Very nice Karen, when's the reno party?


----------



## The Laughing Magpie (Aug 20, 2009)

Oh your room looks so warm and restful, I am so jealous of your king bed, I have been lobbying for one. Your rooms look so inviting and cheerful love the couches.


----------



## Luciledodd (Sep 5, 2009)

Looks really good Karen. I know how it feels to remodel. Same old house but like moving to a new one. Makes one feel as if they are on a vacation for a while. I congratulate you.


----------



## Julie (Feb 8, 2007)

wonderful Karen!


----------



## whimsy (Apr 3, 2010)

very pretty!!! What a nice sunny bedroom!


----------



## clare (Feb 6, 2010)

Well this is all very well and good,but I am waiting to see how you have revamped Kodi's living quarters,his ex pen and crate!?Seriously your bedroom looks very calm and peaceful,beautifully light and airy,and I love the warm comforting yellow of your office.What a lovely start to a new year.


----------



## motherslittlehelper (Mar 18, 2010)

What Clare said - your bedroom has such a clean, restful look - very peaceful - and I love the light streaming in! Very nice! Your office is going to be wonderful too. Congratulations! Where does your parrotlet live?


----------



## Becky Chittenden (Feb 4, 2009)

Love it, thanks for sharing, Karen!


----------



## krandall (Jun 11, 2009)

davetgabby said:


> Very nice Karen, when's the reno party?

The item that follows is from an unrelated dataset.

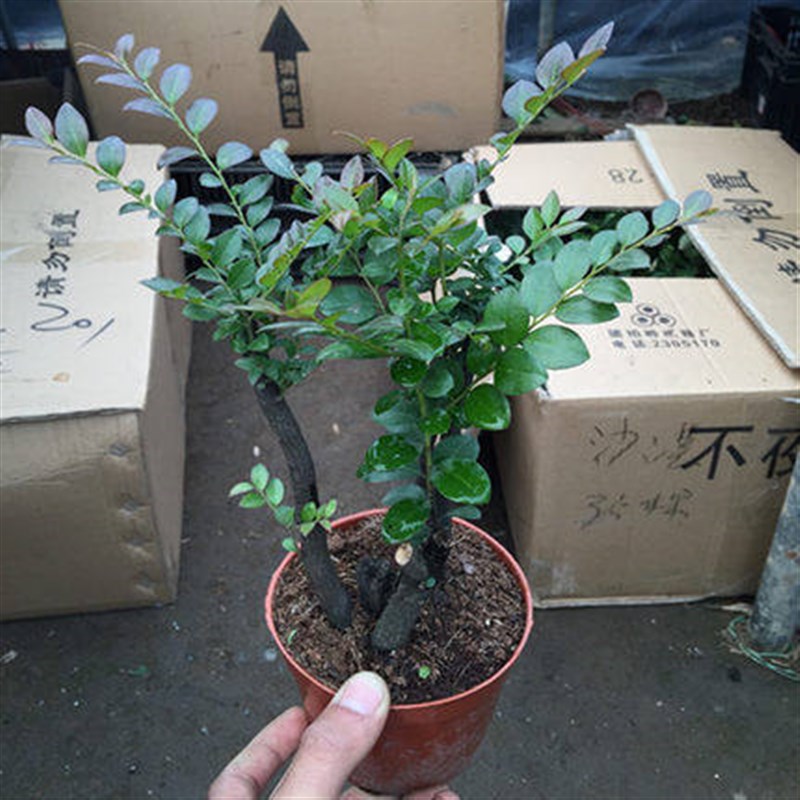 小叶紫檀盆景樹苗紫檀樹桩室内阳台盆栽花卉绿植耐寒四季常青植物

I refuse to even make GUESSES about the finish date anymore!:biggrin1:


----------



## krandall (Jun 11, 2009)

Thanks, everyone! Claire, Kodi's new "digs" will be in the corner of the family room. He was in the dining room up until the remodel started, but has had to make do with just his crate, no ex-pen or litter box since then. I don't think HE has minded much, but it has been a bit of a pain for us, since we have to get up earlier to let him out to pee. He can wait until later to poop, but needs to do his first thing in the morning pee. If he can get to his litter box, he can handle that on his own and just wait for when we want to get up.


----------



## irnfit (Nov 21, 2006)

So pretty and I love your new office.


----------



## morriscsps (Aug 17, 2010)

Beautiful!!! Love the colors.


----------



## waybrook (Sep 13, 2009)

Very pretty!


----------



## pjewel (Apr 11, 2007)

You're working with some of my favorite colors. I do a lot with soft, soothing blue/green/grays with dark furniture. I can see where you'd love those new spaces. Enjoy . . . and update us.


----------



## Tom King (Aug 2, 2006)

I can tell your husband is not a builder, because the rooms are finished. We've lived in our house for 31 years now, and only the dog room is finished.


----------



## krandall (Jun 11, 2009)

Tom King said:


> I can tell your husband is not a builder, because the rooms are finished. We've lived in our house for 31 years now, and only the dog room is finished.


Nope not a builder... I joke that since I couldn't find anyone rich to marry, I married a CPA so he could do my taxes!:biggrin1:


----------